Usually, when a company transfers one of its employees to another area, it's the man of the household who is asked to make the move.
Now there is a new twist to that traditional condition.
Current data indicates that in one of every nine two-career families involved in moving to another city, the transfer is offered to the female and the male becomes the displaced spouse. You can guess where all this might lead by noting that 60% of all working families in the nation today have two incomes, according to the U. S. Bureau of Labor Statistics. The bureau predicts that figure will increase to 75% in five years.
If that holds true, the careers of more wives could determine if the family moves or where it moves. Or you could argue that the wife makes those decisions regardless, couldn't you?
The Chicago-based RELO/Inter-City Relocation Service, the nation's largest referral network of independent real estate brokers, is very much aware and concerned with this evolving change.
It currently is observing its 25th year in this specialty field and realizes that a significant change is developing in the work place.
"This phenomenon is increasing the trauma of a move for two-career families and creating a very real need for those in the real estate profession to expand the range of real estate services they provide," says the network's president, Joanne Langston.
Increasing numbers of the organization's 1,100 members are offering "spouse and job counseling," in addition to the normal activities of relocation--helping the family move, finding rental housing or arranging financing for buying a home in the new city and renting or selling off the house in the old city.
Such matters as day-care centers, schools and community services in the new city--often left to the wife to explore--are becoming areas in which the relocation service is providing far more assistance, she added.
"The traditional role of the real estate community is changing," she said. "It is essential for today's realtor to serve the entire family. Otherwise, the move will not be a happy or successful one for the individuals involved and for the companies which are transferring employes."
Langston also cited an increase in corporate confidence about the economy.

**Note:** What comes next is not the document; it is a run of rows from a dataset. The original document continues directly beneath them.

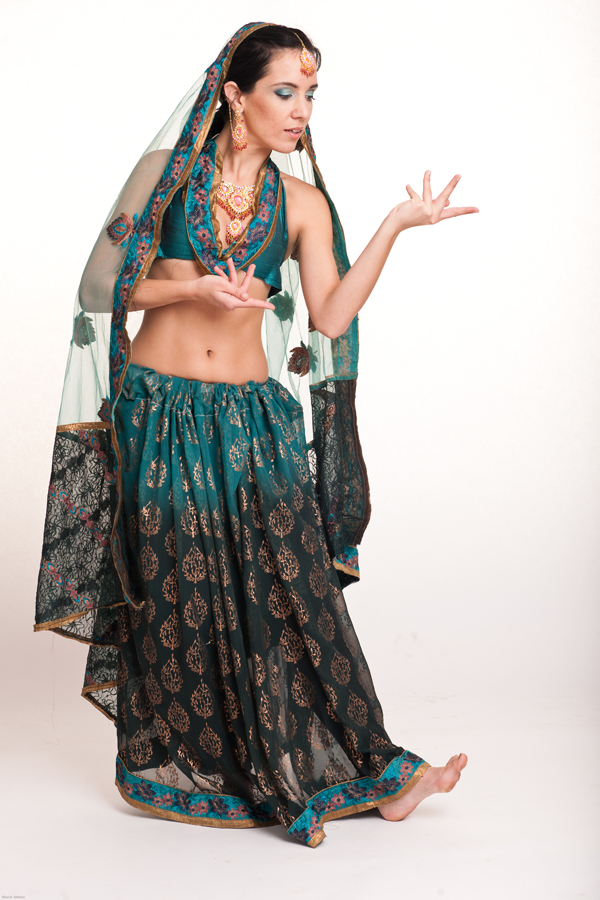 bollywood dancer indian dancer south florida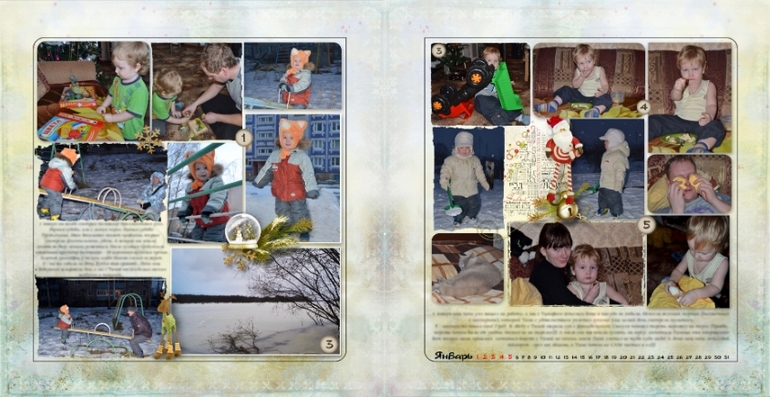 И я в ваших рядах)))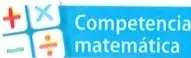 Figura 3 de Matematica 7° · 2025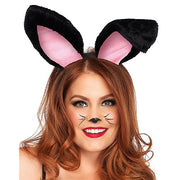 plush-bunny-ears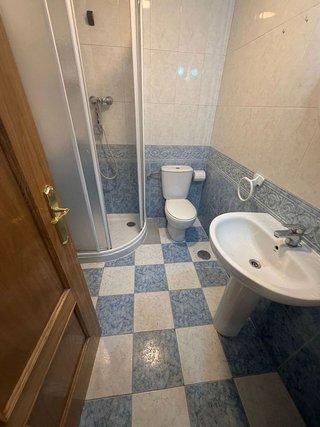 Piso en venta en Universidad en Ciudad Real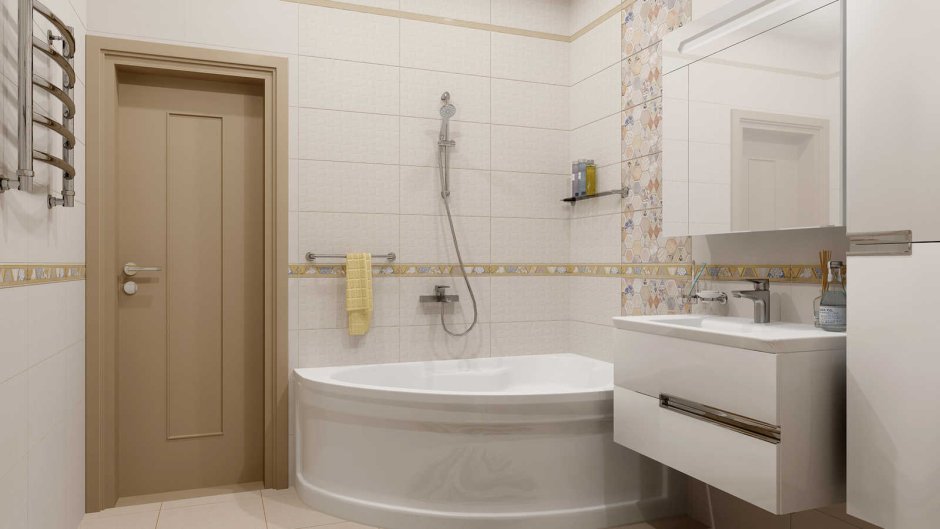 Плитка Persey Ceramica Classic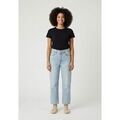 Jeans sur Grenoble : Jeans mom Levis 72693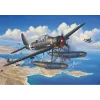 Revell - Arado Ar196A-3 Seaplane - 03787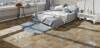 Керамогранит Realonda Ceramica Antigua RLD000008 Graphite 33x33 фото 5
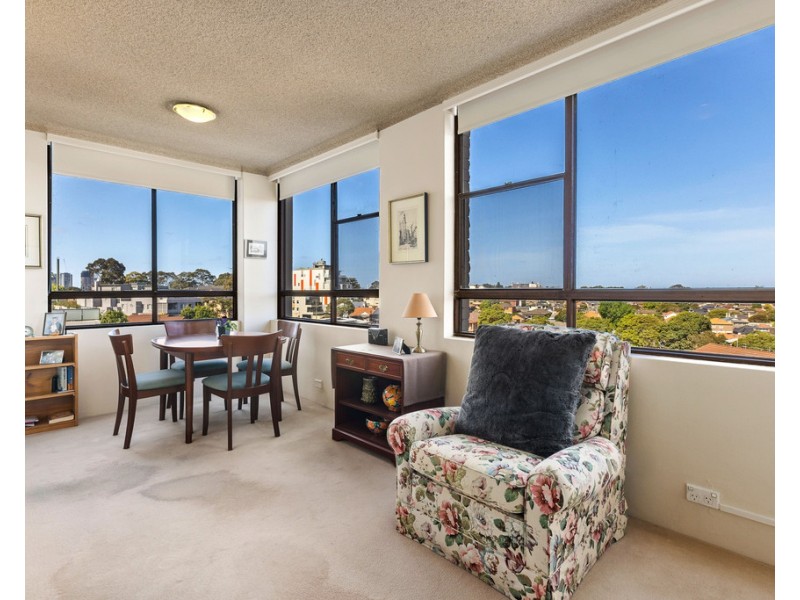 3c/294 Liverpool Road, Enfield NSW 2136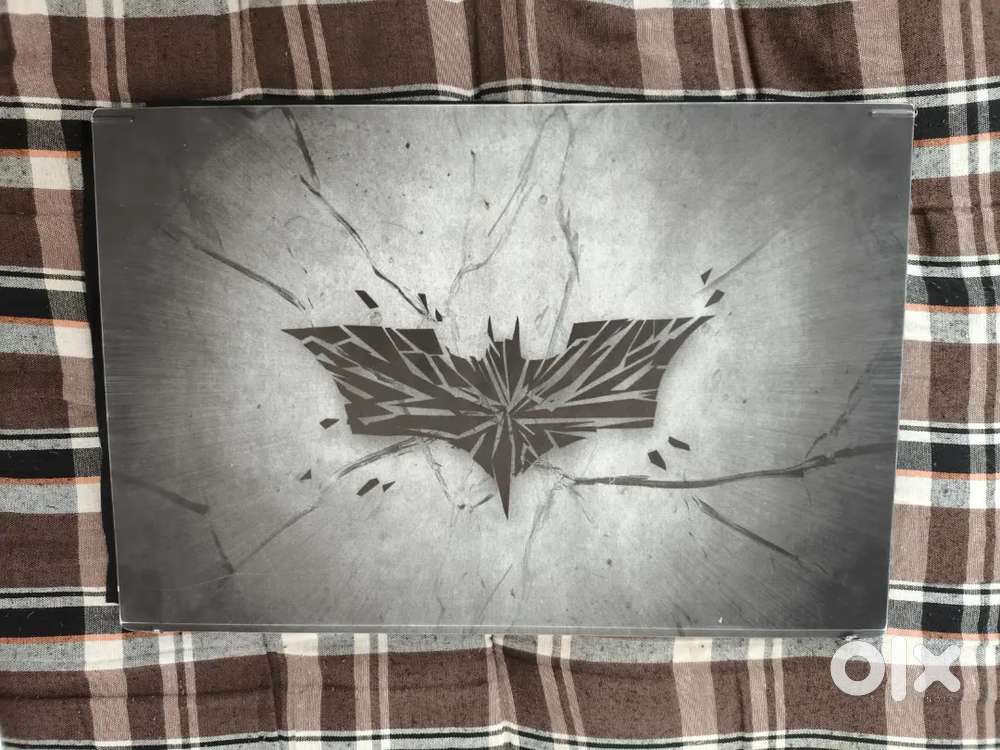 Acer aspire gaming laptop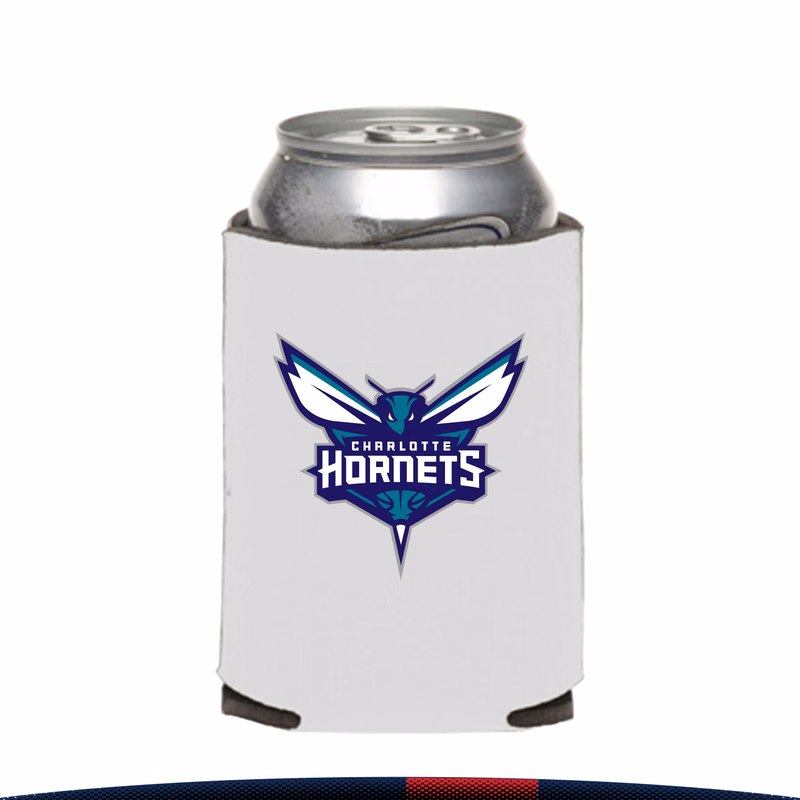 Averl Collapsible Can Coolers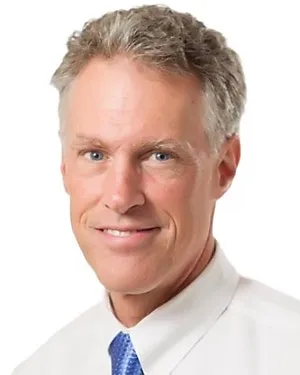 Dr. John Corey - Pittsboro, NC - Family Medicine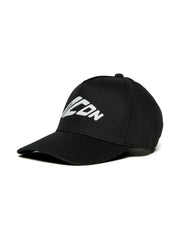 ICON baseball cap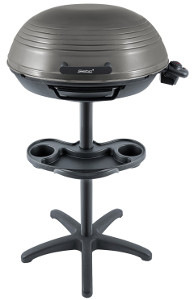 Gril Steba VG 325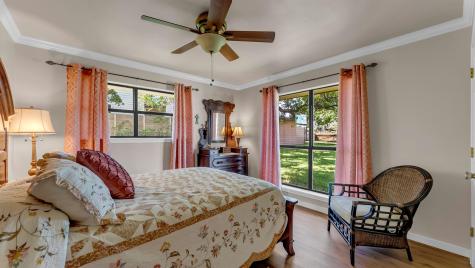 539 Ellen Williams Loop Kingsland TX 78639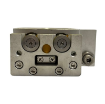Picture of 6600.25.50.A - Slide Unit (Double Regulated) End Stroke 25Ø X 50Mm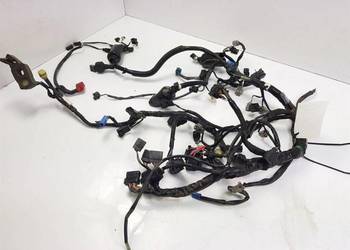 INSTALACJA MOTOCYKL KAWASAKI Z800 26031-1678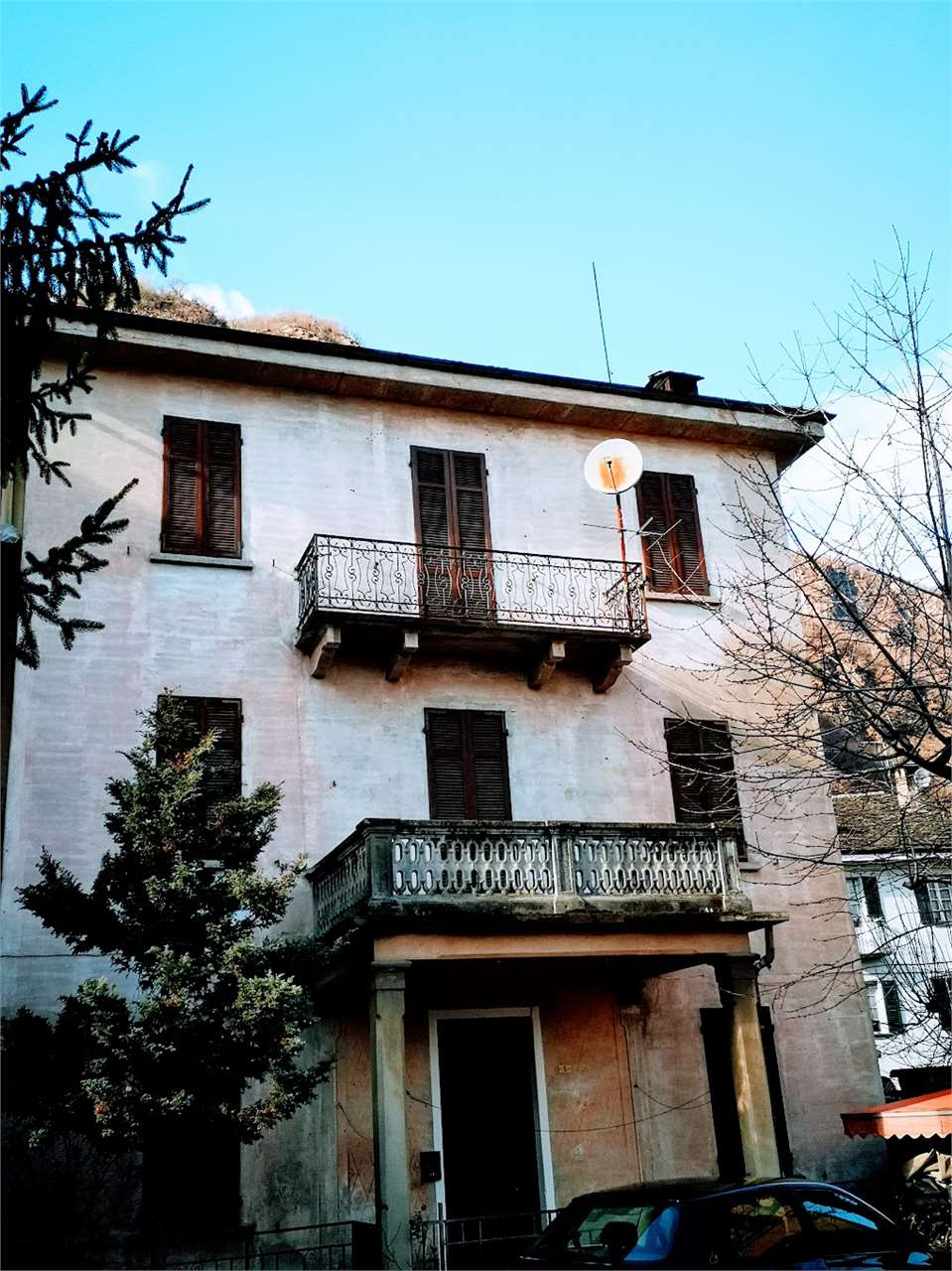 immagine annuncio 1 di 10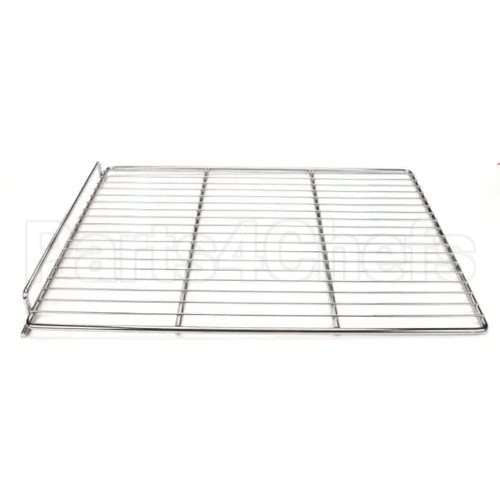 2120 Compatible Imperial Oven Rack (20 In. Oven)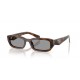 Prada PR B06S 20D50Q Prada PR B06S 20D50Q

"As a result, we can expect to see renewed efforts by corporations this year to open new plants and offices in new locations and a greater willingness to transfer their mid- and top-level executives," she said.
A recent personal experience may typify this changing role of wives and husbands as spouses.
My wife's employer, a Chicago-based lingerie and women's-wear firm, invited spouses to attend its annual sales meeting, a first for the company.
My time was spent lolling about the hotel, watching sports events on television and attending cocktail parties--but politely turning down invitations from wives to join them in shopping trips.
But I did attend the annual banquet. When the master of ceremonies asked all the first-time guests--the "wives"--to stand "and take a bow," I stood up too!